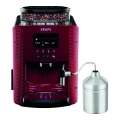 Krups - Automatický kávovar s nádobou na mléko ESSENTIAL 1450W/230V červená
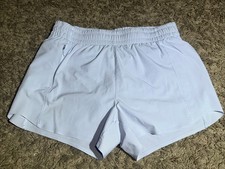 Athleta Girl Size XLarge 14 Athletic Lined 2.5 Blue Heart The Hustle Shorts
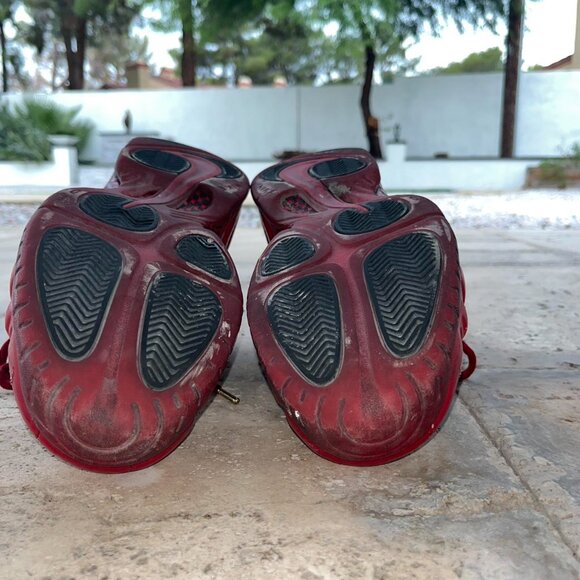 Nike Air Foamposite Pro Gym Red Size 12.5 - Picture 7 of 8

▶ **BRIEF**
Would you restate the listing word for word and leave every picture out?

▶ **SOLUTION BELOW**
 Krups - Automatický kávovar s nádobou na mléko ESSENTIAL 1450W/230V červená
 Athleta Girl Size XLarge 14 Athletic Lined 2.5 Blue Heart The Hustle Shorts
 Nike Air Foamposite Pro Gym Red Size 12.5 - Picture 7 of 8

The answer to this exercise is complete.